How to Use Paper Machines

To begin, right-click (control-click for Mac) on the collection you wish to analyze and select “Extract Texts for Paper Machines.” Once the extraction process is complete, this right-click menu will offer several different processes that may be run on a collection, each with an accompanying visualization. Once these processes have been run, selecting “Export Output of Paper Machines…” will allow you to choose which visualizations to export.

Word Cloud

Displays words scaled according to the frequency of their occurrence. An oft-maligned, but still arguably useful way to get a quick impression of the most common words in your collection. Either a basic word cloud, a word cloud with tf*idf filtering to remove unimportant words, or multiple word clouds (divided up by subcollection or time interval, specified in days) can be generated. The multiple word clouds can be filtered using tf*idf, Dunning’s log-likelihood, or Mann-Whitney U tests, each of which will provide different results depending on the data. By default, a basic word cloud will appear in the Tags pane of Zotero once text has been extracted.

Phrase Net

Finds phrases that follow a certain pattern, such as “x and y,” and displays the most common pairings. This method is derived from a Many Eyes visualization).

Mapping

Flight Paths

Generates a map linking texts from their places of publication to the places they mention, filtered by time.

Heatmap

Generates a map showing regions of relative intensity for mentions in the text. Same as the flight path visualization without the link data; may be more usable on large datasets).

Export Geodata to CSV

Creates a CSV file with place name, latitude/longitude, the Zotero item ID number, and some context around the mention.

DBpedia Annotation

Annotates files using the DBpedia Spotlight service, providing a look at what named entities (people, places, organizations, etc.) are mentioned in the texts. Entities are scaled according to the frequency of their occurrence.

Topic Modeling

Shows the proportional prevalence of different “topics” (collections of words likely to co-occur) in the corpus, by time or by subcollection. This uses the MALLET package to perform latent Dirichlet allocation, and by default displays the 5 most “coherent” topics, based on a metric devised by Mimno et al. A variety of topic model hyperparameters can be specified before the model is created.
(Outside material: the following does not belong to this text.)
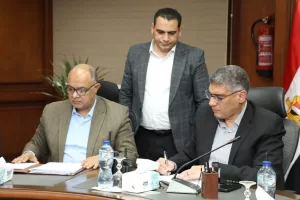 عقب تحريك أسعار المواد البترولية.. محافظ الجيزة يعتمد التعريفة الجديدة لسيارات السرفيس والنقل الجماعي | مرفق الأسعار 23 - جريدة المساء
After the model is generated, clicking “Save” in display will open a new window with the graph displayed free of interactive controls; this window may be saved as an “.SVG” file or captured via screenshot. It will also, in the original window, preserve the current selection of topics, search terms, and time scale as a permalink; please bookmark this if you wish to return to a specific view with interactive controls intact.

JSTOR Data For Research

The topic model can be supplemented with datasets from JSTOR Data For Research. You must first register for an account, after which you may search for additional articles based on keywords, years of publiation, specific journals, and so on. Once the search is to your liking, go to the Dataset Requests menu at the upper right and click “Submit New Request.” Check the “Citations” and “Word Counts” boxes, select CSV output format, and enter a short job title that describes your query. Once you click “Submit Job”, you will be taken to a history of your submitted requests. You will be e-mailed once the dataset is complete. Click “Download (#### docs)” in the Full Dataset column, and a zip file timestamped with the request time will be downloaded. This file (or several files with related queries) may then be incorporated into a model by selecting “By Time (With JSTOR DFR)” in the Topic Modeling submenu of Paper Machines. Multiple dataset zips will be merged and duplicates discarded before analysis begins; be warned, this may take a considerable amount of time before it begins to show progress (~15-30 minutes).

Preferences

Currently, the language stoplist in use, types of data to extract, and default parameters for topic modeling may be adjusted in the preference pane. Any custom stopwords may be added to the “Stop Words” pane, one per line, to help eliminate irrelevant terms from your data.